*** Source data Section Begins ***

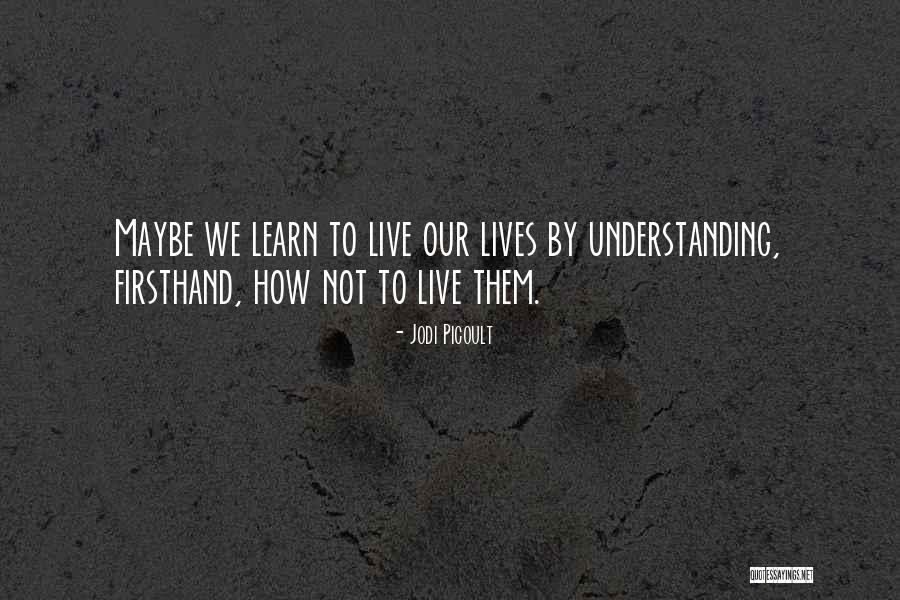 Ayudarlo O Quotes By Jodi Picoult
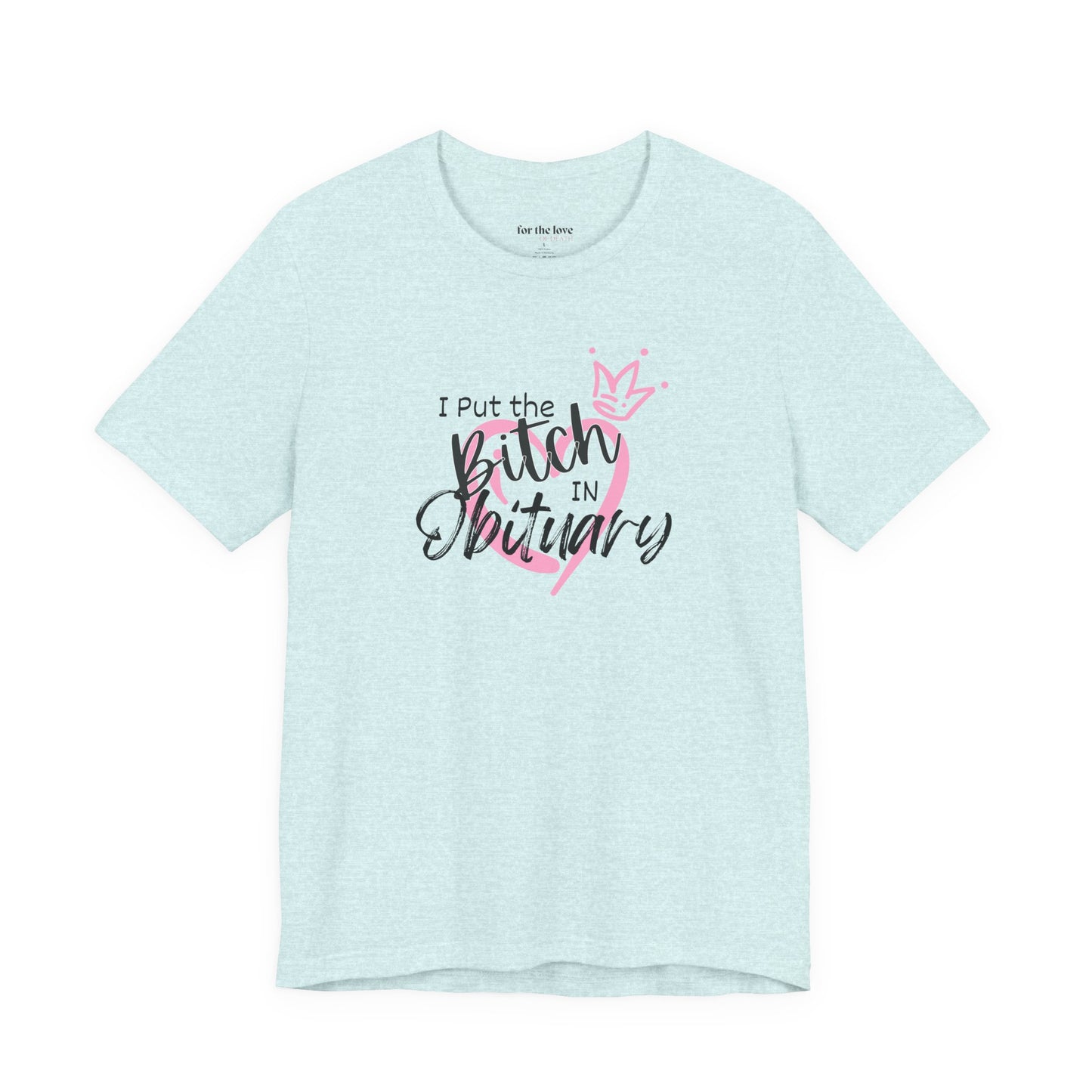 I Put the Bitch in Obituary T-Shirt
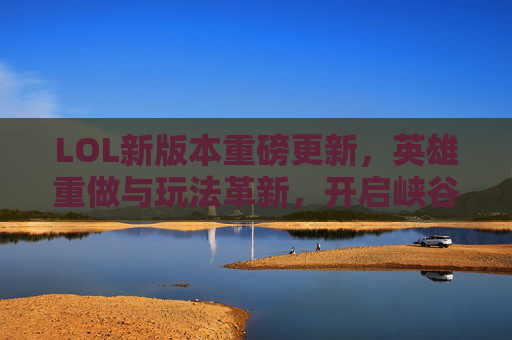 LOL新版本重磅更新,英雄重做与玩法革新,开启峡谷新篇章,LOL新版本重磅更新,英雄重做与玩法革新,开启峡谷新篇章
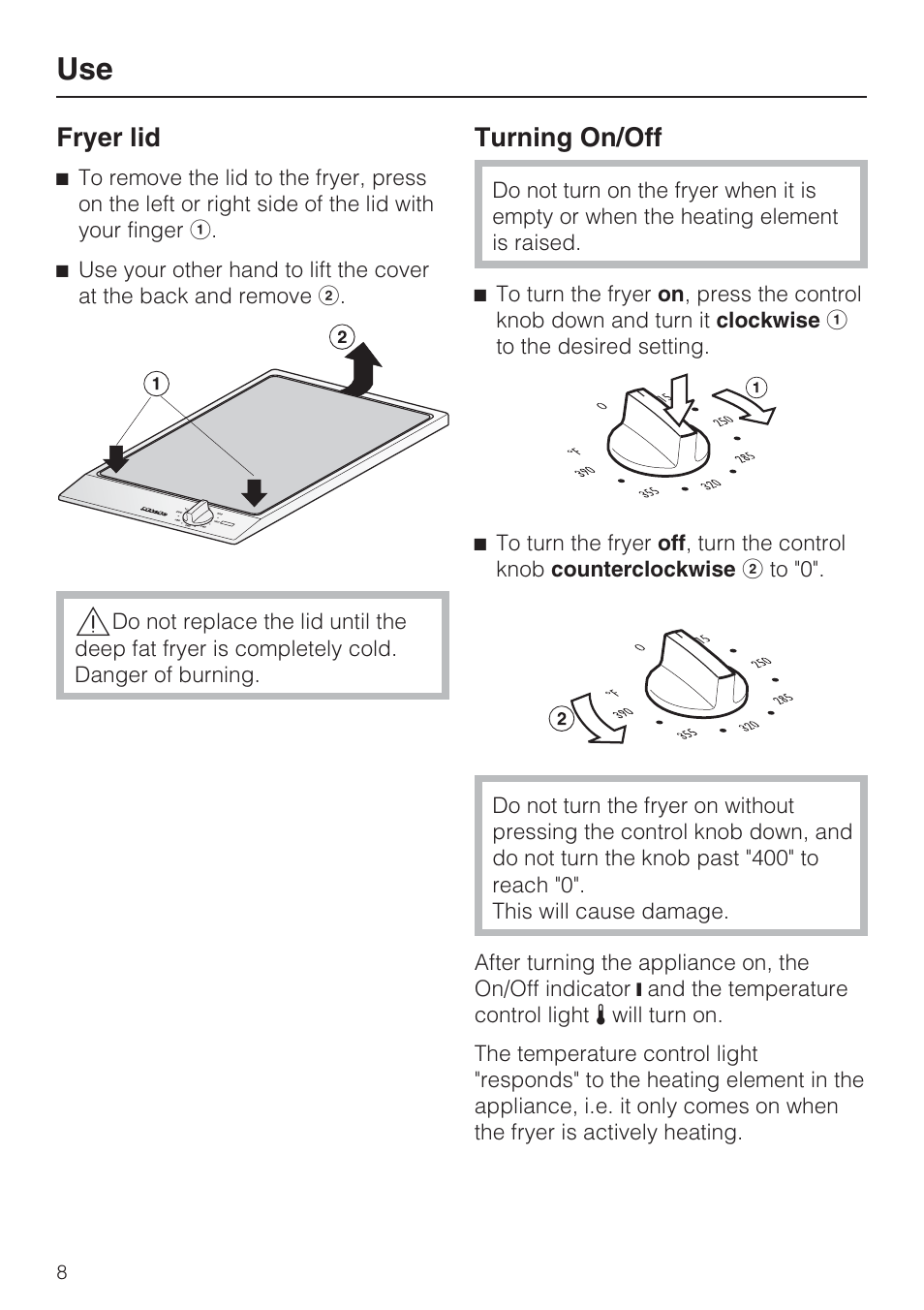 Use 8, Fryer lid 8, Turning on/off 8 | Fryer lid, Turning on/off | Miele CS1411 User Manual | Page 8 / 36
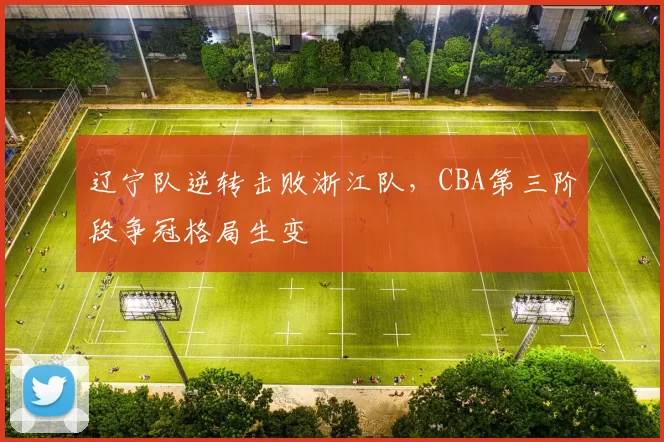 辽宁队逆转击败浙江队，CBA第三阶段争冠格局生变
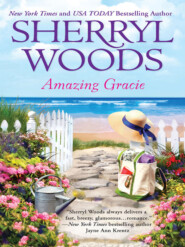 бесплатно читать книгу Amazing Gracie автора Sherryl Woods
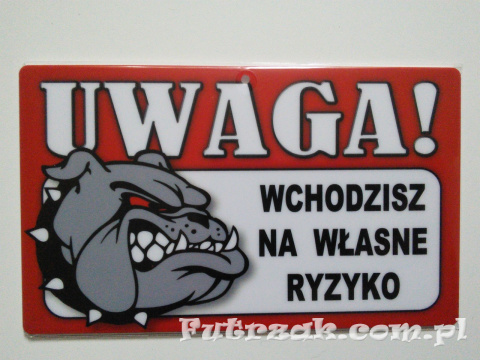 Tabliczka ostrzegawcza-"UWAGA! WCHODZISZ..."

*** Source data Section Ends ***
*** Source data Section Begins ***

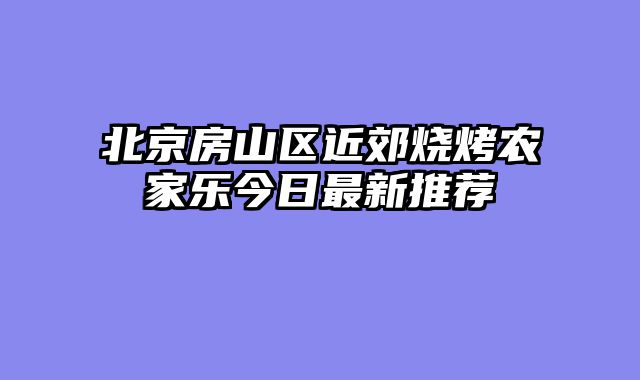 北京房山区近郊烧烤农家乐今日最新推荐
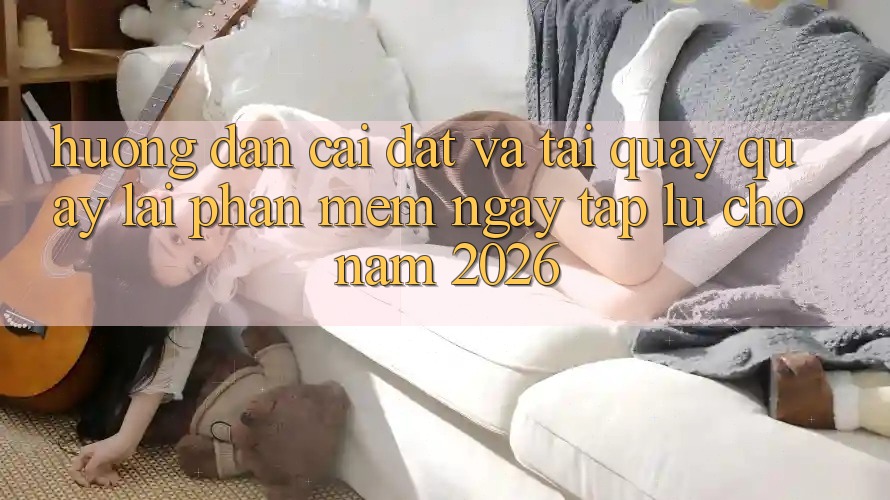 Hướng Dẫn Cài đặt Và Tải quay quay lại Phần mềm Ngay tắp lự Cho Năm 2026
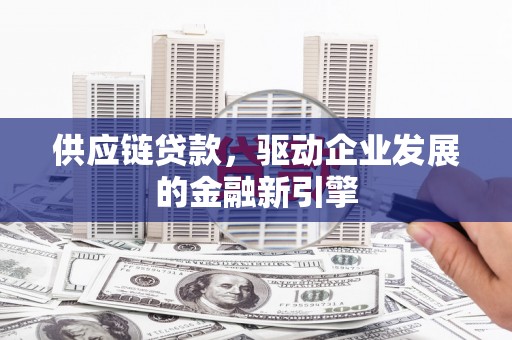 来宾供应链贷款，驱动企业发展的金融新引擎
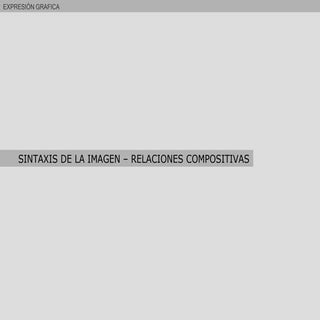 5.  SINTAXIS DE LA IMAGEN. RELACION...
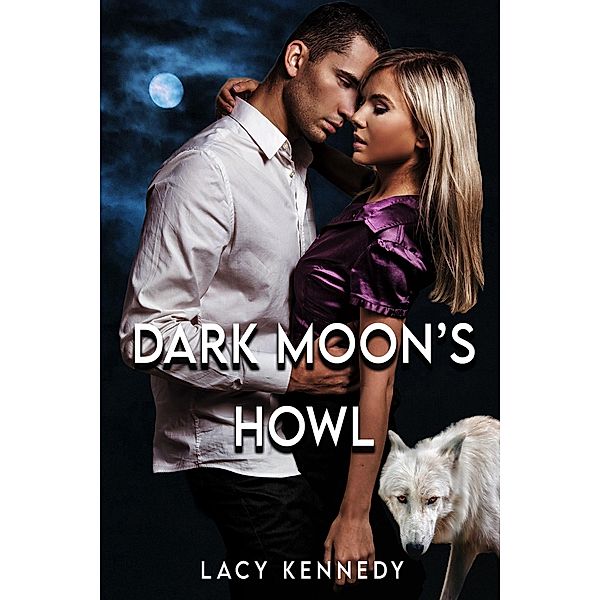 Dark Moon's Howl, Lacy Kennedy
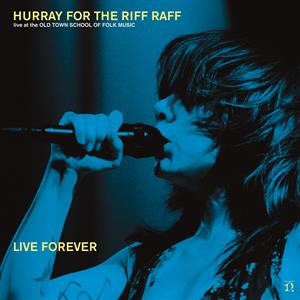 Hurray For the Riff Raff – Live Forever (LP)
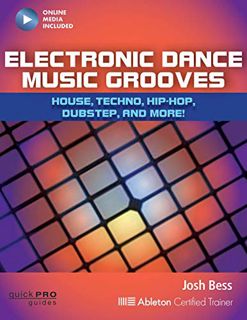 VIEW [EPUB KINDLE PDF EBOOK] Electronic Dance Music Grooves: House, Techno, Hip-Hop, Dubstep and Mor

*** Source data Section Ends ***
*** Source data Section Begins ***

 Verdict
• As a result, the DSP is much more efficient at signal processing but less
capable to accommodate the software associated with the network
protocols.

*** Source data Section Ends ***

Leaving pictures out, output the lines of the data above from the one with "LA IMAGEN. RELACION..." through the one with "VIEW [EPUB KINDLE", word for word.

§ Problem solution:
 5.  SINTAXIS DE LA IMAGEN. RELACION...
 Dark Moon's Howl, Lacy Kennedy
 Hurray For the Riff Raff – Live Forever (LP)
 VIEW [EPUB KINDLE PDF EBOOK] Electronic Dance Music Grooves: House, Techno, Hip-Hop, Dubstep and Mor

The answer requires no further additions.